_Exercise_
Produce as output only the lines below starting at the line with "Glass Pleasure Wand, Bent" and continuing through the line with "Sanderson Toile De", each one exactly as written.
═════ Exercise data
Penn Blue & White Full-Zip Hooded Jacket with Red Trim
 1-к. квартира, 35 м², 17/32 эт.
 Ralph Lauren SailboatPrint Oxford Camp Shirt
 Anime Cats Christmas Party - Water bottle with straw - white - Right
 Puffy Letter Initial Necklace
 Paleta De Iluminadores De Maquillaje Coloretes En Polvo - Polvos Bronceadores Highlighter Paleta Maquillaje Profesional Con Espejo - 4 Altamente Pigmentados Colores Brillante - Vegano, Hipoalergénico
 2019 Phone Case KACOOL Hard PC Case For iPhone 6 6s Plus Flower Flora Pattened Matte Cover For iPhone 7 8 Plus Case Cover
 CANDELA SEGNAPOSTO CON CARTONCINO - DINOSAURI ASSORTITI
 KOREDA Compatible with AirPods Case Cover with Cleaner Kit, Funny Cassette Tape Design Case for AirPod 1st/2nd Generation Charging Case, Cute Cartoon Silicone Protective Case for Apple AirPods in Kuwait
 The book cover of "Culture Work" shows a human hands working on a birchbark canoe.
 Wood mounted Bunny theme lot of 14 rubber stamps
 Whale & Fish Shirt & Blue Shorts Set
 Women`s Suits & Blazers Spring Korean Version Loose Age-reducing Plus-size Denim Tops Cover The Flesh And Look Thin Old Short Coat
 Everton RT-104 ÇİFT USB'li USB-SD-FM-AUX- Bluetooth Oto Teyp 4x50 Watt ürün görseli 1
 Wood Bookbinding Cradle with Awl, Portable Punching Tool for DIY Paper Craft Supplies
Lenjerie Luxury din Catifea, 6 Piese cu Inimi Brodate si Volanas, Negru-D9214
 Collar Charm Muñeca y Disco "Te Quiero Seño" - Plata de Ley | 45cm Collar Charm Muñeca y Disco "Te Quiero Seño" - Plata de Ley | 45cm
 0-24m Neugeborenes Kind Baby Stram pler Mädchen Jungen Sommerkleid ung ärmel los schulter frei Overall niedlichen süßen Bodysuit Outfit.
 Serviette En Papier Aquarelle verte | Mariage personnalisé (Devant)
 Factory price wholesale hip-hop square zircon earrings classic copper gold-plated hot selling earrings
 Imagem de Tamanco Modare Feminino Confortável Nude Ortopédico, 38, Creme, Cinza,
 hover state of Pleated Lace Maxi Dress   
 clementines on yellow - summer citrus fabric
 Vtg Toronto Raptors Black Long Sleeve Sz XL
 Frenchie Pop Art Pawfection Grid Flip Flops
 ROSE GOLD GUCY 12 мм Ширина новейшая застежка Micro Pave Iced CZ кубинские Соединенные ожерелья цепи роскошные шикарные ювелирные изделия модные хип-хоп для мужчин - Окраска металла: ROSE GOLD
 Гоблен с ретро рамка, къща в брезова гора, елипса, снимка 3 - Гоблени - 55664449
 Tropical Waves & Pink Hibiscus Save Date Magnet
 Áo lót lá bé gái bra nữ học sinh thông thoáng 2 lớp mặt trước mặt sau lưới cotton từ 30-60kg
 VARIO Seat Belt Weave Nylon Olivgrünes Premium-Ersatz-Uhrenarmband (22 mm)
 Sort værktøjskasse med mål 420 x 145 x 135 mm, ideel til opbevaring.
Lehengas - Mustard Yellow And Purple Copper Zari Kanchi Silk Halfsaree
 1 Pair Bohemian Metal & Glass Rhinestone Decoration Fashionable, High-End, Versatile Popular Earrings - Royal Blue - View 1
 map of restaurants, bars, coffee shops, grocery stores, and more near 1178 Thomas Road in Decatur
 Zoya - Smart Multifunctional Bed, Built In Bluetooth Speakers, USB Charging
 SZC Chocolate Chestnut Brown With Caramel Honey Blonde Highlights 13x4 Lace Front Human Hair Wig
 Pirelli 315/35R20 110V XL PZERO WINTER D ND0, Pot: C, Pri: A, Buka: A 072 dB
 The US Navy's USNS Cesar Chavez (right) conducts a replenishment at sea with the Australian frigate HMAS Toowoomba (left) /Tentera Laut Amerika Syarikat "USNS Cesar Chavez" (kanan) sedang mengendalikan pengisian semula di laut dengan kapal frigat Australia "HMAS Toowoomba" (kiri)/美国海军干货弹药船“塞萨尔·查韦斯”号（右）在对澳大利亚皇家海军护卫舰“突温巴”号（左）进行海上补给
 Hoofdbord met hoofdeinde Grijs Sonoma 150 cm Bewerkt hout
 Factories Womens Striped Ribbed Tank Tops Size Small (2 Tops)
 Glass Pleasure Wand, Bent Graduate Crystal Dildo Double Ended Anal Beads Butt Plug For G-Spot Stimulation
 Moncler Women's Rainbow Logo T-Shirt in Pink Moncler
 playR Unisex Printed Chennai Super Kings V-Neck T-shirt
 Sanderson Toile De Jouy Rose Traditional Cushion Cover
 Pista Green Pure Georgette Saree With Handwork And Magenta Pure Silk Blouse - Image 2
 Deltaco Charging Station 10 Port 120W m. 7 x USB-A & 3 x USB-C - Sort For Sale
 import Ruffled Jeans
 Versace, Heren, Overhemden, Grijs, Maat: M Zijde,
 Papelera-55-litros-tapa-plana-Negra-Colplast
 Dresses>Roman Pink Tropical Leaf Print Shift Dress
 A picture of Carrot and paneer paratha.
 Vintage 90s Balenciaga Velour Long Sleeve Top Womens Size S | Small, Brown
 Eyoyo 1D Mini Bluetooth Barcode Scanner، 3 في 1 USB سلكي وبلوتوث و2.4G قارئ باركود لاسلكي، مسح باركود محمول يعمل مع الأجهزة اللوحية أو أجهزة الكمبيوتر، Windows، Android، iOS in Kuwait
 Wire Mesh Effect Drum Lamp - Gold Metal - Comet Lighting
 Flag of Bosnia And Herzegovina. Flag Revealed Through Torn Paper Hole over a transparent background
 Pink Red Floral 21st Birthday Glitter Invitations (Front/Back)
══════════
_Task answer_
 Glass Pleasure Wand, Bent Graduate Crystal Dildo Double Ended Anal Beads Butt Plug For G-Spot Stimulation
 Moncler Women's Rainbow Logo T-Shirt in Pink Moncler
 playR Unisex Printed Chennai Super Kings V-Neck T-shirt
 Sanderson Toile De Jouy Rose Traditional Cushion Cover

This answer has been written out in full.